- COLLECTED MATERIAL -
* * * * *
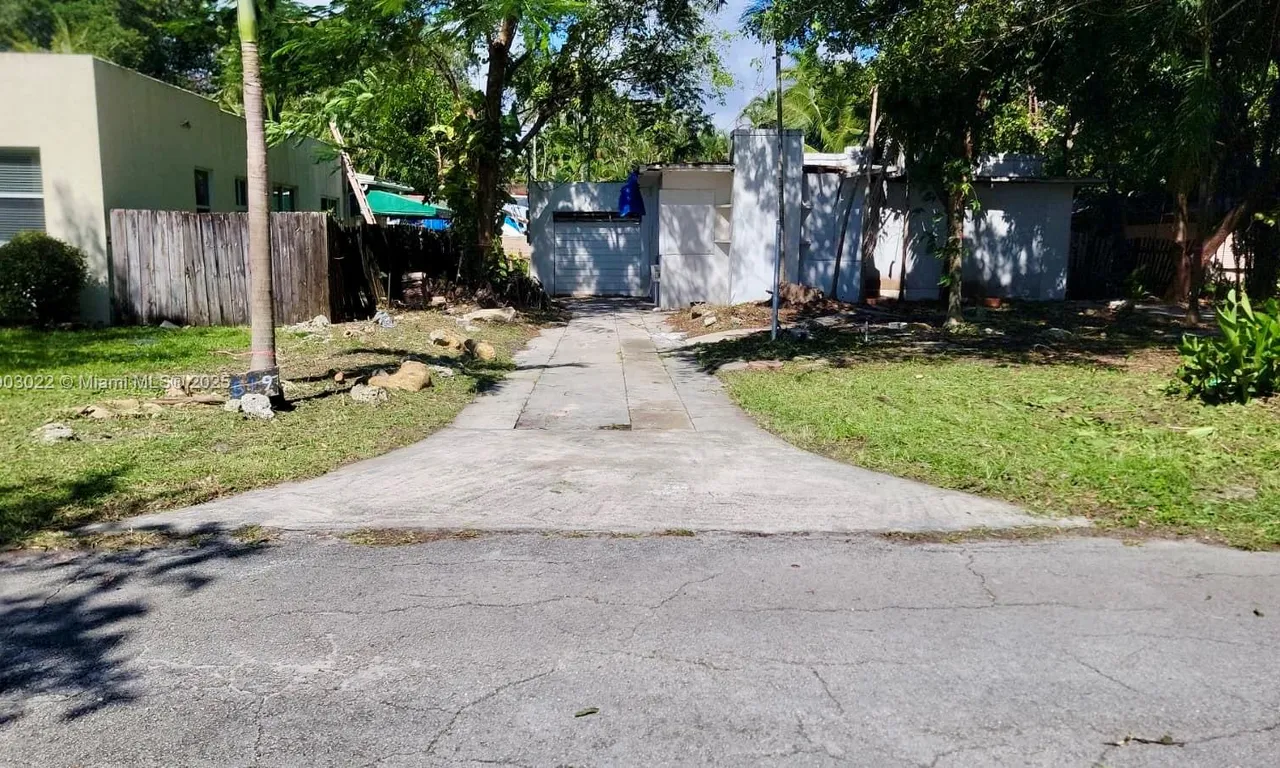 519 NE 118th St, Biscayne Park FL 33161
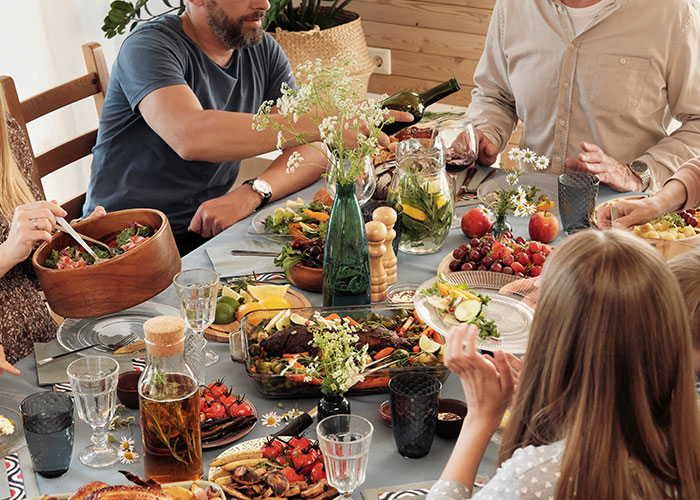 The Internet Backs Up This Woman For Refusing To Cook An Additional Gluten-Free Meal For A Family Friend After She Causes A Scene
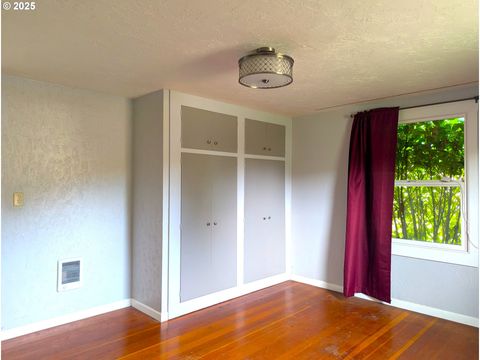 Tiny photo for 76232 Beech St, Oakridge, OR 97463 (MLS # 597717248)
* * * * *
- WHAT THIS TASK INVOLVES -
The lines to repeat run from the line containing "The Internet Backs" through the last line of the material above; give them exactly, without the pictures.

- RESPONSE FOR THIS EXERCISE -
 The Internet Backs Up This Woman For Refusing To Cook An Additional Gluten-Free Meal For A Family Friend After She Causes A Scene
 Tiny photo for 76232 Beech St, Oakridge, OR 97463 (MLS # 597717248)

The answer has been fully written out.